Is there only one kind of internal power? What types of internal power can be cultivated?
Are they all equally relevant to what Ellis calls arms length grappling?
If you find internal power and integrate it with your practice, are you doing it in an optimal manner?
If you power your taijutsu with internal power from another source, is it still Aikido?

I used to practice a form of modern jujutsu that was a combination of Karate, Judo, and Aikido reworked with content from Kodokai seminars Yonezawa held in the 1970s. Unfortunately, my teacher in his naivite focused on hard bone crunching locks and not anything more subtle until much later in his career when he invited a qigong teacher to or dojo. I remember the qigong person, who had tremendous stability, say if we could learn to work with qi we would vastly improve. He was fine with the external nature of our locking and throwing, it was a bit beneath him but would be improved if we practiced neigong. It would have been a good thing if he had kept his class going there. I think we would all have benefited.

I wound up leaving that group later on and focused my time on Bagua, Xingyi, and Taiji. I now focus on them as separate arts taught in the same school, taught in a way that is compatible.

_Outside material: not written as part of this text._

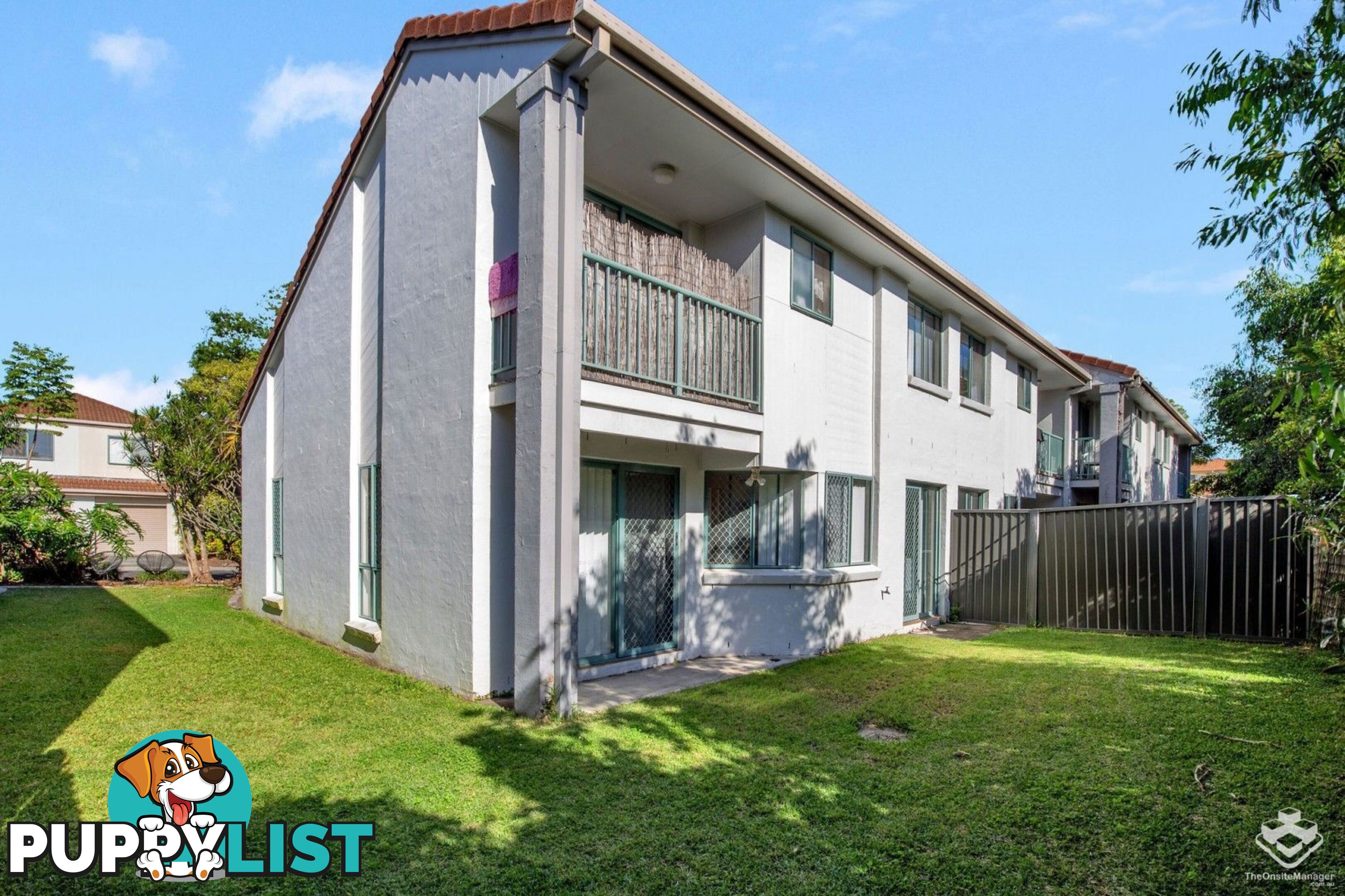 13/89 Heeb Street Ashmore QLD 4214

When I hit someone, is it Xingyi or Bagua?
When I throw someone, is it Xingyi or Bagua or Taiji?

Sometimes it is clear, sometimes it is less so.

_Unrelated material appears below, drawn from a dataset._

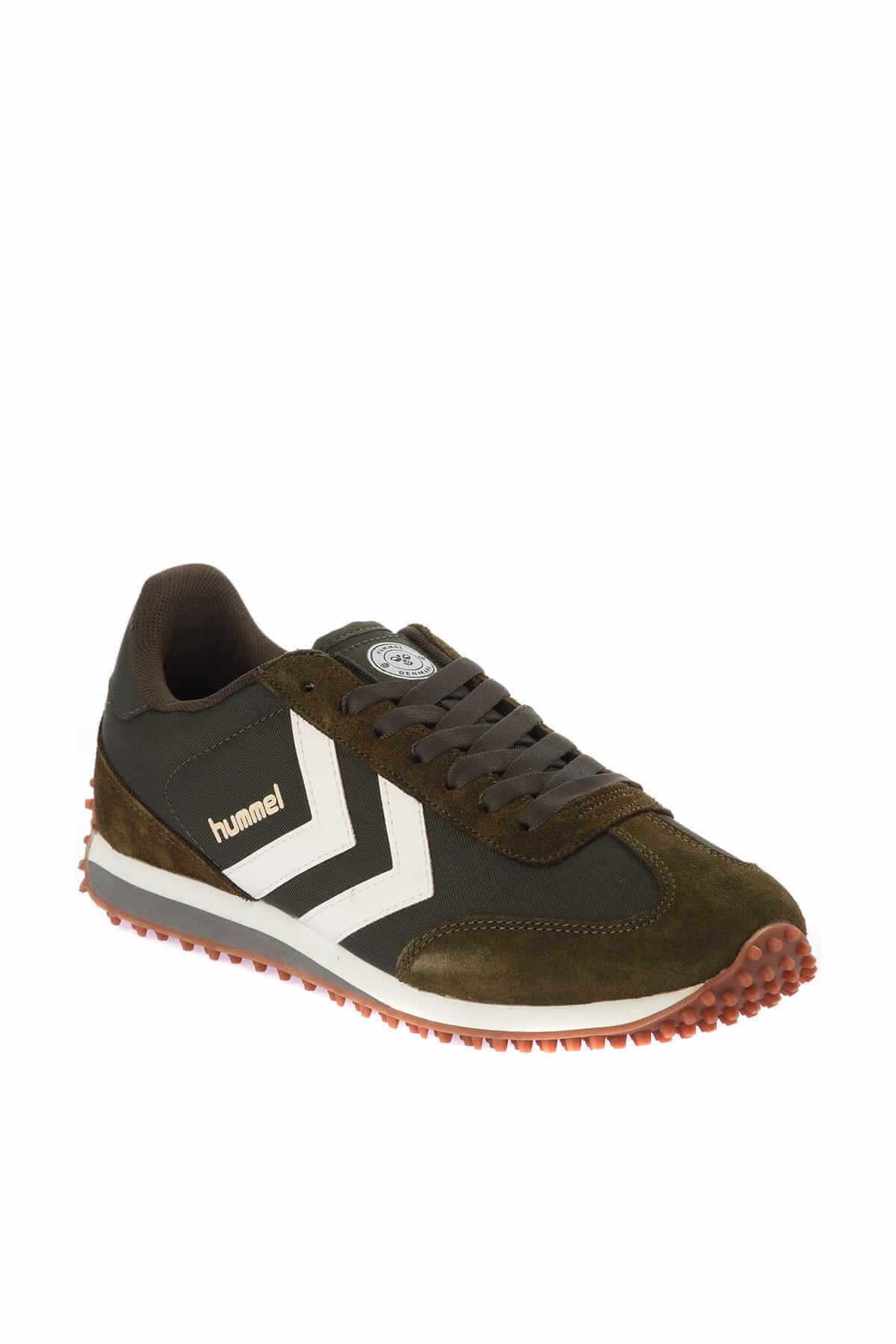 HUMMELGünlük SporHummel Freeway Unisex Günlük Spor Ayakkabı 202682-8030KHAKI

I remember an admonition about how once you get kuzushi and hit someone, the result will depend on your body development. That development can happen in a variety of ways. It is your body.

The broader community is very lucky there are people willing to share their body methods (shen fa) with others, outside of a closed group (particular Aikido organization or ryu).

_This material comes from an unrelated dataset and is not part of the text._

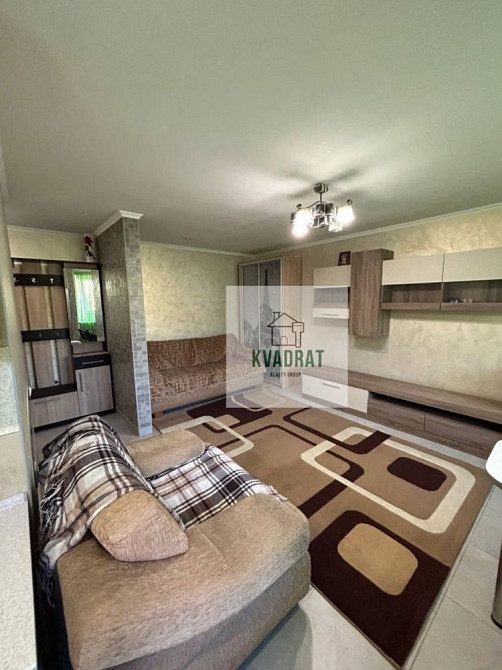 Здам 1-кімнатну квартиру у парковій зоні Кам`янець-Подільський - зображення 1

I wince a bit when I hear Daito ryu traditionalists talk about the propriety of Aiki, when Ueshiba and Takeda taught so many many people. Even though I am friends with one or two of them and think some of them are good martial artists, there are others, however, who put the name of their art and lineage as something to distract from their own level of skill.

I think all of this falls back on what each individual can actually do. This is why inter group sparring and pushing can be very useful. Is that Aikido?

For me, when I do something that looks like ikkyo, is it Aikido, Xingyi, or kodachi from Jikishinkage ryu performed without a weapon in my hand? If Takeda studied Jikishinkage ryu for a while, is that closer than Bagua, which he likely never encountered?

Does it matter, if someone cannot stop me?

I guess a question to add to your list is whether given the benefits of internal power and stability to taijutsu, is important to seek Ueshiba's specific methodologies or alternatives?

Is it important to be able to do what he did how he did it or just be able to do what he did?

Can this be done by most people in the context of Aikido or is understanding Daito-ryu necessary?

If you practice other approaches and they influence your Aikido, is that acceptable?

At what point are you no longer doing Aikido?

I am writing this as someone who did what is probably fairly low-level Aikido for a time and then did internal martial arts for some time. I don't think I do Aikido any longer. If I do something that looks like irimi nage, is it just Bagua or is it good Aikido now that I know internal ideas, or is it bad Aikido because the form doesn't look quite right?

Anyway, I have enjoyed reading everyone's posts and though I would contribute some random thoughts.